Making Racism 'Popular'

Baxter works with Charles Ware. He and Ken Ham co-authored Darwin's Plantation: Evolution's Racist Roots. They contend Darwin did more than anyone else to popularize racism.

On the last page of his book, Darwin expressed the opinion that he would rather be descended from a monkey than from a "savage."

In describing those with darker skin, he often used words like "savage," "low" and "degraded" to describe Native Americans, pygmies and almost every ethnic group whose physical appearance and culture differed from his own. In his work, pygmies have been compared to "lower organisms."

One professor in the 1880s wrote, "I consider the negro to be a lower species of man and cannot make up my mind to look upon him as 'a man and a brother,' for the gorilla would then also have to be admitted into the family."

"Since blacks were somewhere in the evolutionary scale between apes and men, they did not have souls," Ware explained. "And since they didn't have souls, some argued, 'We don't even have to preach the gospel to them.'"

Building a 'Better Breed'

Slavery and segregation kept the races apart, but maybe even more dangerous was how Darwin's theories led to active eugenics.

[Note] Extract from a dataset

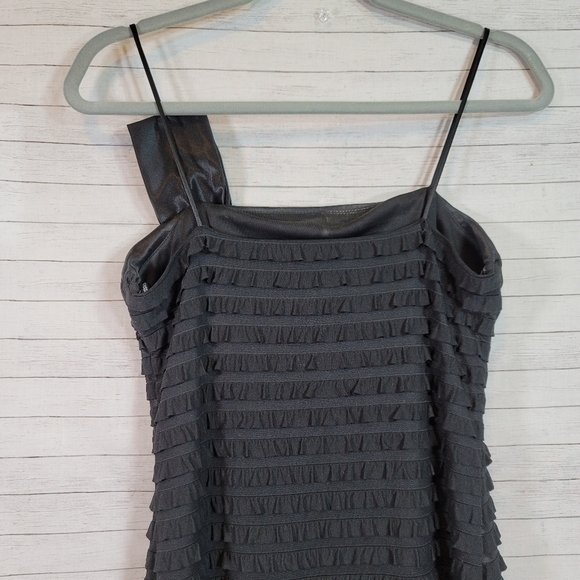 VINTAGE JOSEPH RIBKOFF RUFFLE TIERED LITTLE BLACK DRESS, W FRONT SATIN BOW, SZ 8 - Picture 10 of 14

"[It's] the idea of trying to breed a better human being, often by trying to get the people considered defective not to be able to breed or have children," Baxter explained. "And this was a worldwide phenomenon but the U.S. really pressed it further than anyone else until Nazi Germany."

It led to the forced sterilization of 70,000 Americans, many of them blacks.

Then along came Margaret Sanger, founder of what would become Planned Parenthood.

"Margaret Sanger was very Darwinian and very much inspired by this overall idea," Ware said.

"Part of the impetus behind abortion was to annihilate the black race," Baxter added.

The 'Concern' of Interracial Marriage

There were also many laws to keep blacks from marrying whites. Baxter says lawmakers were made afraid by arguments in books like 1907's Race Mongrels.

"If we don't create this separation of the races, we're going to create this mongol race, this race of, say, retards," Baxter said of the book's content.

But Ware, the father of four interracial children, says that fear was ridiculous.

"People used to say interracial marriage is horrible. [That] it's going to destroy racial groups," he said. "It hasn't destroyed anything. We're still human beings."

Uniting through the Bible

Ware says he has dedicated his life and his ministry to undoing the damage of racism and "bringing red, yellow, black and white together based on biblical principle."

In Indianapolis, Ind., Ware heads Crossroads Bible, a small college, but one with big ideas about racial reconciliation.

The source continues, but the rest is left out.